More noteworthy was Coolidge's veto of an agricultural bill designed to help the nation's farmers. The Great Depression, in many ways started years earlier for farmers. A devastating combination of over production (thanks to mechanization) and plummeting prices (thanks to a decrease in demand) caused terrible economic hardship for farmers throughout the 1920s. On two occasions, Coolidge vetoed the McNary-Haugen Farm Relief Bill. The bill would have provided subsides to farmers, bought up excess crops, and attempted to sell them overseas if possible. The hope was the agricultural prices would recover, farmers could make a profit, and food would be on grocery shelves across the nation. To Coolidge though, this was an improper use of tax payer dollars. The bill died twice on the executive's desk and farmers continued to suffer. By the end of the decade, so would everyone else.
Calvin Coolidge was a man for his time. The American people wanted an inactive government and his administration gave them one. The American people wanted to retreat from the world stage. Coolidge did his part to make that a reality by signing strong immigration restrictions and endorsing the infamous Kellog-Briand pact which "outlawed war." If the job of a president is to give the people what they want, I suppose Coolidge did a good job. Unfortunately, the booming economy at home and the peace abroad was built upon a house of cards waiting to fall. Hindsight being 20/20, we now know what happened soon after Coolidge left office. The house of cards collapsed.

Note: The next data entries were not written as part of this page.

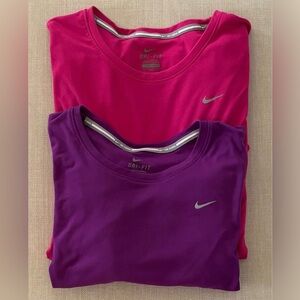 Set of 2 Nike Running Dri-Fit Shirts XL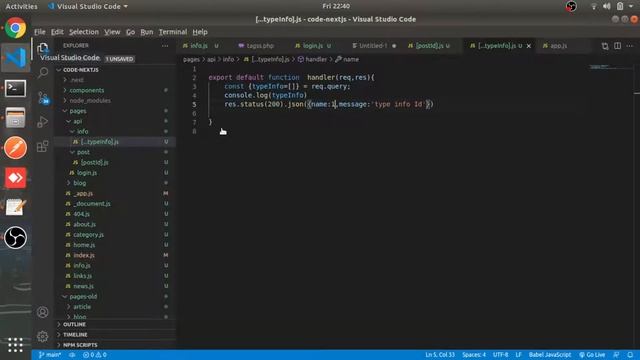 Api Dynamic Routes & Api Database Connection | #21 | Next js tutorial in Hindi смотреть онлайн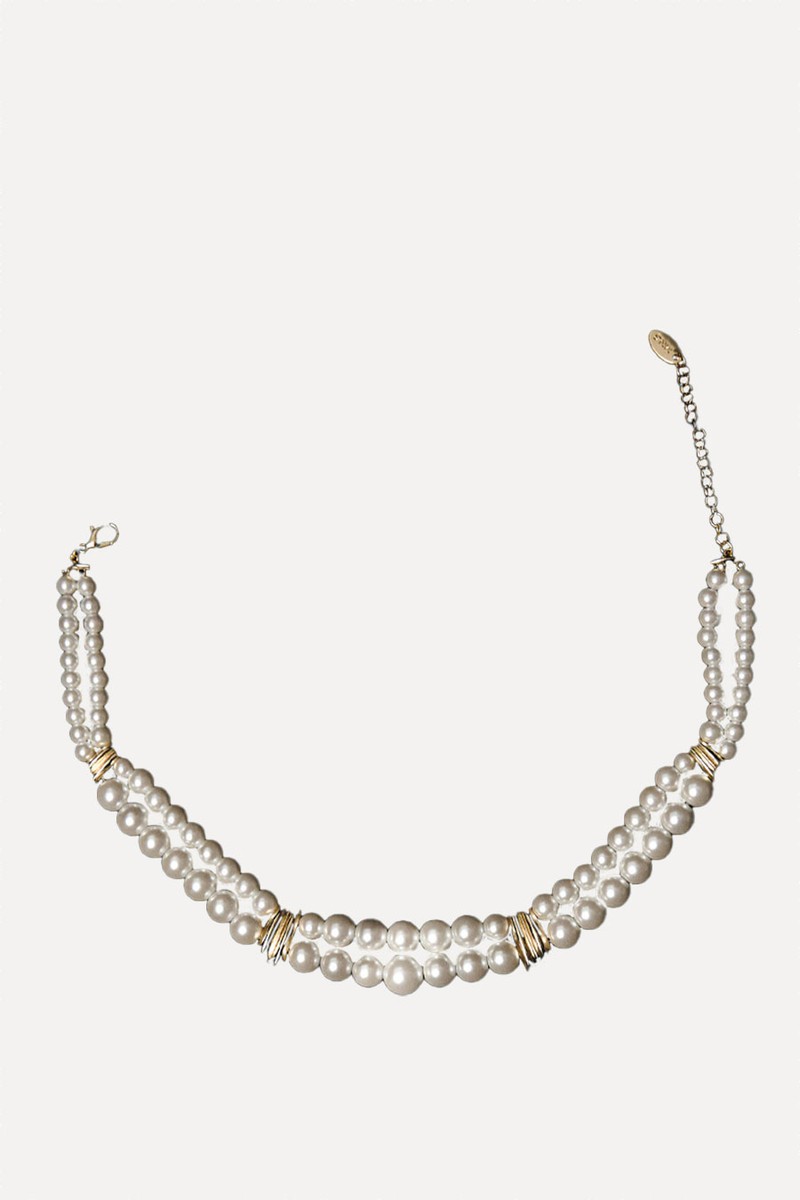 Pearl & Crystal Choker from Mango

Throughout the country the seeds of the Depression were being sown. Zero regulation of the stock market led to speculation, buying stock on margin, and inflated prices. The gap between the rich and the poor was growing each year leaving far too many Americans with far too little purchasing power to keep the economy afloat. Zero regulations on banks meant that banks could make incredibly unwise loans to costumers unable to pay them back. Nor were banks required to keep deposit reserves, meaning a run on a bank could kill even a healthy financial institution. Americans were buying new consumer goods like radios and cars, but they were doing so using credit. The average American's household consumer debt was far higher than previous generations. An unstable international finance system gave the illusion of success, but really was propping up failing economies throughout Europe. The suffering of millions in Europe was leading to an increase in nationalism, imperialism, and fascism, while the feckless League of Nations (which the US did not join) sat ideally by doing nothing. Shortly after Coolidge left office all of these problems manifested themselves.

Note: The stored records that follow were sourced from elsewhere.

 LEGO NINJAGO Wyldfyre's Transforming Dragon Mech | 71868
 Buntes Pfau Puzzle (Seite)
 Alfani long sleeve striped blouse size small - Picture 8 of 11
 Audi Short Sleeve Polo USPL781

The former President does not deserve blame for the crisis that happened during after his administration, Rather, the overwhelming opinion of most politicians, business leaders, and every day Americans helped to, unknowingly, create fertile ground for economic disaster. It is only through the benefit of hindsight and the lens of history, that we now see the underlying problems during the 1920s. I don't blame Coolidge, or his advisers, for not recognizing them, but the fact remains that they existed during his silent watch.